There is seemly coffee on every corner in grocery stores, convenience stores, and even in kiosks on street corners. This creates a very high elasticity on the demand for coffee. Another problem is the ease of new competitors to entering the market. For the most part it does not cost much to open a coffee shop or coffee stand. There are only a few regulations imposed on the government and most of them are health codes. With such a high elasticity, prices cannot be adjusted to bump out the new competition.
There are few sunk costs as all the supplies could be sold to other coffee shops. The problem new entries will have is economies of scale. Larger coffee shops such as Starbucks can spread its costs around over a wide area and not feel the burden on big costs. Smaller shops have nothing to spread the costs around and therefore bear the brunt of all costs. Rivalries can become an issue if a coffee shop feels a new entry is located in such a way that it takes away customers. The elasticity of coffee and the fact that customers rarely buy in bulk means each customer is precious.
Consequently, coffee shops may do whatever it takes to get more customers in the store. The Broadway Cafe should implement Porter’s Differentiation Strategy in moving the company into modern times. In many ways, the Cafe already has the advantage of differentiation to its competitors with the family recipes of baked goods and soups. Even if these are lost with the grandfather, it has embedded the notion of uniqueness to its customers. Unfortunately, up until this time, this strategy had not been pushed to its full potential.

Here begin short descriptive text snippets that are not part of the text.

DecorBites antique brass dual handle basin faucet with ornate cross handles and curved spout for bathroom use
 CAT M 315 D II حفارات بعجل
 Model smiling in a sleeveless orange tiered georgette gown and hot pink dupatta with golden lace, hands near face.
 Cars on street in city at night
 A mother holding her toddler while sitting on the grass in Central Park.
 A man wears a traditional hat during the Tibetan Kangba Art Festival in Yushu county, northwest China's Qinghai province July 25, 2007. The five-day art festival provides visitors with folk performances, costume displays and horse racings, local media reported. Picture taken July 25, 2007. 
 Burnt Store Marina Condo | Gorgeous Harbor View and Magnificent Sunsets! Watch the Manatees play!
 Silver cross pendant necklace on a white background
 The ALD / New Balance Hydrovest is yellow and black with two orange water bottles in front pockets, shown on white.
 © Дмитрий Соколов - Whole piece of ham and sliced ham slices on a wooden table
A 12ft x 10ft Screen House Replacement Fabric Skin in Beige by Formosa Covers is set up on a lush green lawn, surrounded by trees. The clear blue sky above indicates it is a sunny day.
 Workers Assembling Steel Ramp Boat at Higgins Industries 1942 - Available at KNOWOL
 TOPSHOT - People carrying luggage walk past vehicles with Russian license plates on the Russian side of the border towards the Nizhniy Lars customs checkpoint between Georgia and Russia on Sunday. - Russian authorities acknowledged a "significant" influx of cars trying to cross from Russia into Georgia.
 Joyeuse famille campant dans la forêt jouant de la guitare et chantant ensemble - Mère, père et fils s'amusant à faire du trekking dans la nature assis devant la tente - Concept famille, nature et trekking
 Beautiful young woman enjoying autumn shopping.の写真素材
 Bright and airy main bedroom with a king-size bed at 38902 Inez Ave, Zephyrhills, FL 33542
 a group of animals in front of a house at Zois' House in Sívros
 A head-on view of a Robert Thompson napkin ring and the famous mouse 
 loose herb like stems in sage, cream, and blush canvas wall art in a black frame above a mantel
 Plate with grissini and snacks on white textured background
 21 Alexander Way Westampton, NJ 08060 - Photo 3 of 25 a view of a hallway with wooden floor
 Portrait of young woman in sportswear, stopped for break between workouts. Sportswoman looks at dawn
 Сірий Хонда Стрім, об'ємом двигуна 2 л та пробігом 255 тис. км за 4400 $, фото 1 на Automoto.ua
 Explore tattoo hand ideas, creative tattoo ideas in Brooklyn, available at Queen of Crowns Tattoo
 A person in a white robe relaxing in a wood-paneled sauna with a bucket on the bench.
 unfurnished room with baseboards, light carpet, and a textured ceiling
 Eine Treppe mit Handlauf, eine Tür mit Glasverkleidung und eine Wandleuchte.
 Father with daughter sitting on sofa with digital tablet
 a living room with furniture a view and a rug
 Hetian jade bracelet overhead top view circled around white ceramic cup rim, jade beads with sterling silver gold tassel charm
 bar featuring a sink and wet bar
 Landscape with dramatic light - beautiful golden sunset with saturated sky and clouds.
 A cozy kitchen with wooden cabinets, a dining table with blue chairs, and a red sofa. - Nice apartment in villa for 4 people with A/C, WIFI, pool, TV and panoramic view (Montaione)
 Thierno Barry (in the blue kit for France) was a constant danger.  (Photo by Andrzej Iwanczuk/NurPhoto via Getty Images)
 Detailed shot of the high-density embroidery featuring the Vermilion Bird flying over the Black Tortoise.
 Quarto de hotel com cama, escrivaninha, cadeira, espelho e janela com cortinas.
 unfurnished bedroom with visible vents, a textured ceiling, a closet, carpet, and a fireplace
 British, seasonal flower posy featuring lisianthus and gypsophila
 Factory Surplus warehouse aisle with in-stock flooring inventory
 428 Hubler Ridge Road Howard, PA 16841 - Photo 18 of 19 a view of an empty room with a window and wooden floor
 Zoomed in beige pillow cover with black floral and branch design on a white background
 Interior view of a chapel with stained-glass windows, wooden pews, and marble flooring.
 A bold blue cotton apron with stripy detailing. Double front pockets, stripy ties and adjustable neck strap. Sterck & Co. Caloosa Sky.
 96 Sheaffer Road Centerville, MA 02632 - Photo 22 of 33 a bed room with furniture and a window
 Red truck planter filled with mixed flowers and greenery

What has hindered this strategy before has been a lack of innovation in product development and with marketing. Most of the menu items have not changed much in fifty years. Those loyal customers enjoy how they can rely on their favorite menu item to be there each day. However, after over fifty years, attrition becomes a concern and new items must be made to attract newer, younger customers. Having new management at the Cafe provides the perfect opportunity and excuse to innovate on new ideas.
The other problem has been marketing. The prior owner seemed more concerned with the daily operation of the company instead of the pursuit of new customers. He did offer coupons to customers but its tracking system was a pen and paper. Consequently, evaluating the effectiveness of the coupons cannot be measured accurately. He also had no web presence in an age where a web presence can make or break small companies. Even a coffee shop needs a place on the Internet where people can go to find them.